Scan the entries for "thumbnail". Every line that holds it is to be copied.

(Beginning of Data to use)

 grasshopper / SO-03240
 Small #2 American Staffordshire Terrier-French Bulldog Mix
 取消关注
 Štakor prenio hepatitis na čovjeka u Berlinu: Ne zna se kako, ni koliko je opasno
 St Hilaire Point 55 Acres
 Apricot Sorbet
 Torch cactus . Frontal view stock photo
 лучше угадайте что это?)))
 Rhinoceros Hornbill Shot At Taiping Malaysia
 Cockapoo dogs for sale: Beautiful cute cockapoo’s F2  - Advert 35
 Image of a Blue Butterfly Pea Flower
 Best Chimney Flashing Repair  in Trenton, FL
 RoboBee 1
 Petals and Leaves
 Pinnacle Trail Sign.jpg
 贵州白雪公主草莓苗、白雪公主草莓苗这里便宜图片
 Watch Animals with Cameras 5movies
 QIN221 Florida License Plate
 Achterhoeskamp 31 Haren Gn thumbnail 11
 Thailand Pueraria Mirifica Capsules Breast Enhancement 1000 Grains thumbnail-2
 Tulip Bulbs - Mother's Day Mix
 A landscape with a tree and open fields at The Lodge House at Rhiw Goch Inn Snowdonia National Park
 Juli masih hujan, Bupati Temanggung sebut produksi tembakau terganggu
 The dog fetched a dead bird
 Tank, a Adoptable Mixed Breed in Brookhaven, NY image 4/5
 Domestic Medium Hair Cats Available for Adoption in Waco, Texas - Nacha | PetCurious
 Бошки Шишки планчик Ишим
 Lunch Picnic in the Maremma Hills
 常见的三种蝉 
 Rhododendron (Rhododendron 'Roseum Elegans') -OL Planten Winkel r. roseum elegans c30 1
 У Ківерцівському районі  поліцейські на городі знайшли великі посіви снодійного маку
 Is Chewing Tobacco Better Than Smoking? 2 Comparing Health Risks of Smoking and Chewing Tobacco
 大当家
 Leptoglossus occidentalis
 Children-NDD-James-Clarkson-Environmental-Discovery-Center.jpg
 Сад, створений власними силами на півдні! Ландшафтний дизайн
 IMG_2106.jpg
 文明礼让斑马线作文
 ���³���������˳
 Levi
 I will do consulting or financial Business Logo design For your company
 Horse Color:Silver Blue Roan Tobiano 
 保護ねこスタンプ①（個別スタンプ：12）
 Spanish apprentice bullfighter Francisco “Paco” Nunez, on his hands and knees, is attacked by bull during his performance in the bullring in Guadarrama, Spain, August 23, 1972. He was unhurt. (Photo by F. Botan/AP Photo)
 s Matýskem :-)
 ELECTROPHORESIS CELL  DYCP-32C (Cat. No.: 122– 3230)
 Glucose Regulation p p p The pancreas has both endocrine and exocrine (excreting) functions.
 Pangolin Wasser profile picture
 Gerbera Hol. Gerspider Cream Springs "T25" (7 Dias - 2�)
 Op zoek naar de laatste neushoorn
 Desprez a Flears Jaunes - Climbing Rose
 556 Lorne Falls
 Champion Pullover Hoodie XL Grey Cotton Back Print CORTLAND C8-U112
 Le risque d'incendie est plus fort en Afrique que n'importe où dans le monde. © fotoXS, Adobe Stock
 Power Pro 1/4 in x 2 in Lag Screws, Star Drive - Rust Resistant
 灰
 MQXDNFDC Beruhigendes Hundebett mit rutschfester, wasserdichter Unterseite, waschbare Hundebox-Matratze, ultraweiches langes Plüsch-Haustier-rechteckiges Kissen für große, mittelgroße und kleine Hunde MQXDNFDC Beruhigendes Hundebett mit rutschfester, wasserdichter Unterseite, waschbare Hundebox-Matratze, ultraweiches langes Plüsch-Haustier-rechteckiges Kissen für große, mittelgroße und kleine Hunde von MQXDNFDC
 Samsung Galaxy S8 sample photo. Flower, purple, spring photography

(End of Data to use)

• _Completed task_
 Achterhoeskamp 31 Haren Gn thumbnail 11
 Thailand Pueraria Mirifica Capsules Breast Enhancement 1000 Grains thumbnail-2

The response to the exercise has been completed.